Saturday, June 14, 2014
As we revealed in a recent post, the Tempe Police Department has made at least two purchases of the Stingray device from the Harris Corporation, both shrouded in secrecy due to a non-disclosure agreement. We can now reveal that another valley police department is in possession of a Stingray device. Down & Drought has learned that the Scottsdale Police Department used the controversial Stingray surveillance device on 29 "missions" in 2010, citing a Scottsdale police report which identifies the device by name in a section on the department's Technical Operations Unit.

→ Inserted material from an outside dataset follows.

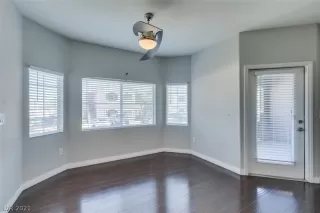 Photo #5: 2294235 Listing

The 2010 annual report appears to be the only public admission of Scottsdale's use of a Stingray, no other web searches by Down & Drought could find any other reference of the device by the City of Scottsdale or Scottsdale Police Department. In the 2010 City of Scottsdale Annual Report, the Stingray is mentioned briefly in the section on the Scottsdale Police Department's Special Investigations Section Technical Operations. According to the report, the Technical Operations Unit is "responsible for the installation and maintenance of technical surveillance equipment and systems. The Tech Ops Unit assists other work groups within the police department, including Patrol, with special technical investigative assistance."
Police departments across the valley, and through out Arizona, are increasingly utilizing electronic surveillance devices to eavesdrop and record information with very little public knowledge about the techniques being used in the mass gathering of private and confidential information of individuals. In an article published in March on Down & Drought, we raised concerns over the civil rights implications of the Tempe Police Department's use of an electronic surveillance device called the Stingray by citing the secrecy surrounding the devices as a result of a contractual confidentiality agreement between the City of Tempe and the manufacturer of the Stingray, the Harris Corporation.
It has been confirmed, through articles from the Arizona Republic and statements from the Arizona branch of the ACLU, that police departments in the valley, and across Arizona have purchased Stingray technology. The AZCLU's Alessandra Meetze identified the Maricopa County Sheriff's Office, the Gilbert PD, and Glendale PD as valley departments in use of the Stingray device, and the Pinal County Sheriff's Department and Flagstaff PD as agencies outside the valley with Stingrays. A subsequent Arizona Republic article from December 2013 identified the Mesa PD and Phoenix PD as departments using the Stingray, with Phoenix having one in use since 2001.
The Stingray is a surveillance technology used by police to imitate a cell phone tower causing every cell phone and wireless device within range to connect with the police tower and unwittingly sharing data. As of now, there is no way for an individual to know if their cell phone or wireless device is currently having its communications and data intercepted by police.
Scrutiny from media outlets over the Stingray technology has intensified in recent weeks after US Marshals intervened in a public records request regarding a Florida police department's use of the device. Wired writer Kim Zetter has followed the legal battles over the non-disclosure agreements which protect police departments from releasing any information on their purchases from the Harris Corporation. In her most recent piece on the Stingray, she covered the eyebrow raising actions of the US Marshals seizing records requested by the ACLU regarding the Stingray's use by detectives from the Sarasota Police Department. While this brazen intervention by federal authorities has shocked civil libertarians, such efforts to thwart a public records request are common. The FBI routinely has its agents working to obscure the price, function, and uses of the Stingray device by testifying in courtroom hearings that the secrecy is necessary to stop criminal targets from learning how police may be monitoring their activities.
Most troubling is the revelation, which came from the Associated Press, that the Obama administration is actively advising local law enforcement agencies to not disclose the details of their agreements with the Harris Corporation, or the applications of the secret surveillance technology used for the Stingray device. Whereas the FBI's public defense of the non-disclosure agreements concerned "criminals" evading the device's detection, the Obama administration is defending the secrecy surrounding the device on the grounds that to reveal any information could constitute a threat to national security. As Washington Post columnist Radley Balko remarked this week, if revealing the particulars of this device is such a threat to national security, then why is it being widely used by local police departments across the country?
Since it seems likely that these devices will continue to be used in greater number across the country, and not seized as Balko jests, then it is imperative that the core questions regarding these devices be answered. How do they work, how many are they, how many people are going to prison due to their use, and how can an individual prevent such a device from accessing their personal information on a wireless device. Until that occurs, it's safe to presume that the Stingray, and similar devices, can do a lot more than log call information and triangulate an individuals location, and the public deserves to know how they're being spied on this time.